Only one portion of the data is to be written out: from the line bearing "The Rolling Stones Rare and Unseen image 0" through the line bearing "RAP PANDA oversize". Write it exactly as it appears.
------------
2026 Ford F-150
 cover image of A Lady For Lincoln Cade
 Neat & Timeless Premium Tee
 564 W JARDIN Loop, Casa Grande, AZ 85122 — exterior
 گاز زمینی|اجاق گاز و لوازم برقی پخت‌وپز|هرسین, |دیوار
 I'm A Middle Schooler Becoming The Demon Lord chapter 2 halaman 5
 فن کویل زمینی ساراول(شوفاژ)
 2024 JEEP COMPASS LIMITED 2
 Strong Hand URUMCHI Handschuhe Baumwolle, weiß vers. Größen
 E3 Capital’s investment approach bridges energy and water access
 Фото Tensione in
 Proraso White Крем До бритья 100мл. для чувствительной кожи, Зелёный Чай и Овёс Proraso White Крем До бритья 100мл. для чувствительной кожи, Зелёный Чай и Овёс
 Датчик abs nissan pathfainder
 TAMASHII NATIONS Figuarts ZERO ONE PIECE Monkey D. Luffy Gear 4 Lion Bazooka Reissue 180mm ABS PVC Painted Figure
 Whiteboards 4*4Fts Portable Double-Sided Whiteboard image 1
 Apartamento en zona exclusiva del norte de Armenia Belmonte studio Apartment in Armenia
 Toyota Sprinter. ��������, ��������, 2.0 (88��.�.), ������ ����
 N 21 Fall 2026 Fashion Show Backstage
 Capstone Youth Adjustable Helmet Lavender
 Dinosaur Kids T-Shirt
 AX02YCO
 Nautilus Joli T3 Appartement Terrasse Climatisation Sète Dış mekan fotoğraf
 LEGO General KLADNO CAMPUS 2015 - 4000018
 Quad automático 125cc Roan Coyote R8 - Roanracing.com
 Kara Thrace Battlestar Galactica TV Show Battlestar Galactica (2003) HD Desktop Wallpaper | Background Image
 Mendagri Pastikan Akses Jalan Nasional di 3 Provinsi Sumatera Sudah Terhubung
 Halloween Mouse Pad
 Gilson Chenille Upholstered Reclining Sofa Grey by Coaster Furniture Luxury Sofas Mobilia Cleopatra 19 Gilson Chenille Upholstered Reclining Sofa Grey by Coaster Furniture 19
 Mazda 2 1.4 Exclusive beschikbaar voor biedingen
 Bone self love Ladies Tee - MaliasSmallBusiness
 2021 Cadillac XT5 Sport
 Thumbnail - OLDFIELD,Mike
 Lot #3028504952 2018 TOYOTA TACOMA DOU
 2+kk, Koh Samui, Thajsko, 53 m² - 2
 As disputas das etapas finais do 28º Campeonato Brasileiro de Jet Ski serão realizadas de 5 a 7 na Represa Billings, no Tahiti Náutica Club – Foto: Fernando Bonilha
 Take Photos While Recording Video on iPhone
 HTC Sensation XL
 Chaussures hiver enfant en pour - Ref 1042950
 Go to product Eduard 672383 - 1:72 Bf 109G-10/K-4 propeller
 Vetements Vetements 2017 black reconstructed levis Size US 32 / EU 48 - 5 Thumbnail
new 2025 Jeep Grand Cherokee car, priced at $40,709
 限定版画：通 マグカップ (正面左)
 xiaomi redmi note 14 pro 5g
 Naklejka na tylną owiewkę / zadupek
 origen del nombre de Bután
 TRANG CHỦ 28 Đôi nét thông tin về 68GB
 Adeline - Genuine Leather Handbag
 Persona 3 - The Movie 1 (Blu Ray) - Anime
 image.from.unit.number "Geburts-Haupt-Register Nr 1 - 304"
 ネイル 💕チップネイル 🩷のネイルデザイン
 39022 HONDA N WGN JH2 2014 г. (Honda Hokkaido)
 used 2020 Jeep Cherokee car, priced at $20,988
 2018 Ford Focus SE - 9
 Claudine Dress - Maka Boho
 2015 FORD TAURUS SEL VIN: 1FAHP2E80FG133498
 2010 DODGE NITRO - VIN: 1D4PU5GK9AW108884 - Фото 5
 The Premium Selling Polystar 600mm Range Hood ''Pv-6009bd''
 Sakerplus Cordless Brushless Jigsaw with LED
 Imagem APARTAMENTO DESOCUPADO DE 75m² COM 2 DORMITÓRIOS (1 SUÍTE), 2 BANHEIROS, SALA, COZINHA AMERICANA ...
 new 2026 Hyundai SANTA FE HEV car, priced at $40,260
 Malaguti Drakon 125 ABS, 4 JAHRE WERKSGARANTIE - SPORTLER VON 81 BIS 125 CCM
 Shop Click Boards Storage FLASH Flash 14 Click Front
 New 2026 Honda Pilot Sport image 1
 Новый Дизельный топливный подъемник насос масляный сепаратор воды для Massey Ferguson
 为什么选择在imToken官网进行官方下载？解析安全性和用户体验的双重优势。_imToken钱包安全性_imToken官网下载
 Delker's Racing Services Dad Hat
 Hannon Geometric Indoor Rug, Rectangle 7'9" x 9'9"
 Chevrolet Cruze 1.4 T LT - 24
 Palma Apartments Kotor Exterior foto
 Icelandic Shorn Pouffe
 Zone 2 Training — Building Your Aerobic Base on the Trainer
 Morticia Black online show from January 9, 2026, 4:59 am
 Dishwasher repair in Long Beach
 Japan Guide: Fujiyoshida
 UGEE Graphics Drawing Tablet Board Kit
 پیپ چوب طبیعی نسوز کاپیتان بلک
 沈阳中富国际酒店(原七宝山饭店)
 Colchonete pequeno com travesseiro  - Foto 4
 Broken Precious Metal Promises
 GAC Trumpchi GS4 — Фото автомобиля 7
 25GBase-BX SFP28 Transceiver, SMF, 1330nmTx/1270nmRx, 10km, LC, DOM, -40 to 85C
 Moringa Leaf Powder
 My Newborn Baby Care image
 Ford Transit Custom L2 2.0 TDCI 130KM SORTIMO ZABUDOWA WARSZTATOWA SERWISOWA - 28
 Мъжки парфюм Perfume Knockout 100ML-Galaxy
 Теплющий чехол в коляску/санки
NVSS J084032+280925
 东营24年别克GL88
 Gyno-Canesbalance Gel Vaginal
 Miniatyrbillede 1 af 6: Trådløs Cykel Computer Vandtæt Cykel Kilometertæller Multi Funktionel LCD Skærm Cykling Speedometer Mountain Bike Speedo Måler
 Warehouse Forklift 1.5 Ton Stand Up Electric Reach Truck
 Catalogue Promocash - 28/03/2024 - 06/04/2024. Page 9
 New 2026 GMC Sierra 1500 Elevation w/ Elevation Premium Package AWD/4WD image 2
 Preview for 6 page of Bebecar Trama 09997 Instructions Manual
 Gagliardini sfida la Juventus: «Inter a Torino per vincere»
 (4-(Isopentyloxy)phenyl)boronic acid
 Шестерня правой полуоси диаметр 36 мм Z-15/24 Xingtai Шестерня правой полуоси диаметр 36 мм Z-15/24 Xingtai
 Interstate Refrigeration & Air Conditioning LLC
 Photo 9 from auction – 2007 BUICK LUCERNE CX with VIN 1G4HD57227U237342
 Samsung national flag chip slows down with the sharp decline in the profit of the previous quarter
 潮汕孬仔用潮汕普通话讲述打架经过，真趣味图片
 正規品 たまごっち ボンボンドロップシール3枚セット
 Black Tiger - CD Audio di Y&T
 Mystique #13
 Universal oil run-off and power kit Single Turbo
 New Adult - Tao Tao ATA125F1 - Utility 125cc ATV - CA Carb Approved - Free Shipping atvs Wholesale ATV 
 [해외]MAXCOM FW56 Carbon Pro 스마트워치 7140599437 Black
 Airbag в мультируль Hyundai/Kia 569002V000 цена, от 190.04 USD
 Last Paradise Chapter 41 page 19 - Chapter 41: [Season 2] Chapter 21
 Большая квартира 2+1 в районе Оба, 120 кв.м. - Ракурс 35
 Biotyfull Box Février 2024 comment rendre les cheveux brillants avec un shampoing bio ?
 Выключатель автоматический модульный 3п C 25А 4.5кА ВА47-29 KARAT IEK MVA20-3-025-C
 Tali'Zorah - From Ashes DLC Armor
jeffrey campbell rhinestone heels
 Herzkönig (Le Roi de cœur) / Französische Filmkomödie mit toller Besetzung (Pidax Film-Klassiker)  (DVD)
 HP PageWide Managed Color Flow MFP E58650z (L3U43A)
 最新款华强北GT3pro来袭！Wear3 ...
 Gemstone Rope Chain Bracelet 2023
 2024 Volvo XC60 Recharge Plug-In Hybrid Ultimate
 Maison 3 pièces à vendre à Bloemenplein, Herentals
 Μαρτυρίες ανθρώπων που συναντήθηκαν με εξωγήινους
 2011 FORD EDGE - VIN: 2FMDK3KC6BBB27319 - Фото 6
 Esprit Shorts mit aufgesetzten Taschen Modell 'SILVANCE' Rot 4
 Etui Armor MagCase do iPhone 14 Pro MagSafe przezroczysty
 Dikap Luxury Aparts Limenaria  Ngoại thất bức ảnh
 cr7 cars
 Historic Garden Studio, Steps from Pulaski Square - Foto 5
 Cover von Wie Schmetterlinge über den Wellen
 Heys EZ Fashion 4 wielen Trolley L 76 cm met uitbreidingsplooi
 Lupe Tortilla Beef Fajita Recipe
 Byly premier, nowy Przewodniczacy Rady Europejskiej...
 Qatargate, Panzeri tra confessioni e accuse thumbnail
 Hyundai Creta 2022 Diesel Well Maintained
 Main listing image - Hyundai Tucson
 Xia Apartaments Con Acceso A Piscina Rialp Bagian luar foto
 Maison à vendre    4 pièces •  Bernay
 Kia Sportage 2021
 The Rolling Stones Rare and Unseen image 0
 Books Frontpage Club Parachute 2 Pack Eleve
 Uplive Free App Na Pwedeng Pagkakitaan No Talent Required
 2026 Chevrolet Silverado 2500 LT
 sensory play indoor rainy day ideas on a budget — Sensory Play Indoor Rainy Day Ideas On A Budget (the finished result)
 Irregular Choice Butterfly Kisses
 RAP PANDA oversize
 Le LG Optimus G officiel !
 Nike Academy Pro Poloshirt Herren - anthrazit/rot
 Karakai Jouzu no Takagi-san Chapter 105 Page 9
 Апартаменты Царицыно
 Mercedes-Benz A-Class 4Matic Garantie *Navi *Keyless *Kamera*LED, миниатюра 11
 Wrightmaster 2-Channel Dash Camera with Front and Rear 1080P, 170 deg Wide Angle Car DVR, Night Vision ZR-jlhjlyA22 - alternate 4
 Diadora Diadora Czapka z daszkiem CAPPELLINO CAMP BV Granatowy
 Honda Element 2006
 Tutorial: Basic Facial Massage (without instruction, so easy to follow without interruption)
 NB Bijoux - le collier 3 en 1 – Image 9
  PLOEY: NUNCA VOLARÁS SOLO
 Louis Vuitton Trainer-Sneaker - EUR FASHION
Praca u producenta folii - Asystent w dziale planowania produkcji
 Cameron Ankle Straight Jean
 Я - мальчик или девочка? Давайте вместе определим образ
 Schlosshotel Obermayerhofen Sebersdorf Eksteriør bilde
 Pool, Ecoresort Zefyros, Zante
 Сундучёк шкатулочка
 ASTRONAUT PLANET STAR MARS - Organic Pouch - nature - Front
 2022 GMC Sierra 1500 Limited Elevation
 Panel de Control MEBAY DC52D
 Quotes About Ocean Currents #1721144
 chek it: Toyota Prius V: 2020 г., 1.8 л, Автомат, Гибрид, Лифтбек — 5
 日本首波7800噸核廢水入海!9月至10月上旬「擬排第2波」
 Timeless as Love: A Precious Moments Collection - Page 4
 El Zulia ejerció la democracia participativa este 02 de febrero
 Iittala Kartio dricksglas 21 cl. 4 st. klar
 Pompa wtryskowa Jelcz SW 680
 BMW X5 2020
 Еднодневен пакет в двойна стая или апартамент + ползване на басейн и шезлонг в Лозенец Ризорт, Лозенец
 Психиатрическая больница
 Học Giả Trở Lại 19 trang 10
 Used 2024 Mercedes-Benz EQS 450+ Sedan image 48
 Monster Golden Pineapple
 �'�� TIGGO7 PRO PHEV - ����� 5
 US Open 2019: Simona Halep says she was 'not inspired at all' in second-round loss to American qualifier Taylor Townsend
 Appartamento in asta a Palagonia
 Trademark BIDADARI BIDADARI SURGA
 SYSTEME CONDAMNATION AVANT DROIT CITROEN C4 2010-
------------
#### Solved problem
 The Rolling Stones Rare and Unseen image 0
 Books Frontpage Club Parachute 2 Pack Eleve
 Uplive Free App Na Pwedeng Pagkakitaan No Talent Required
 2026 Chevrolet Silverado 2500 LT
 sensory play indoor rainy day ideas on a budget — Sensory Play Indoor Rainy Day Ideas On A Budget (the finished result)
 Irregular Choice Butterfly Kisses
 RAP PANDA oversize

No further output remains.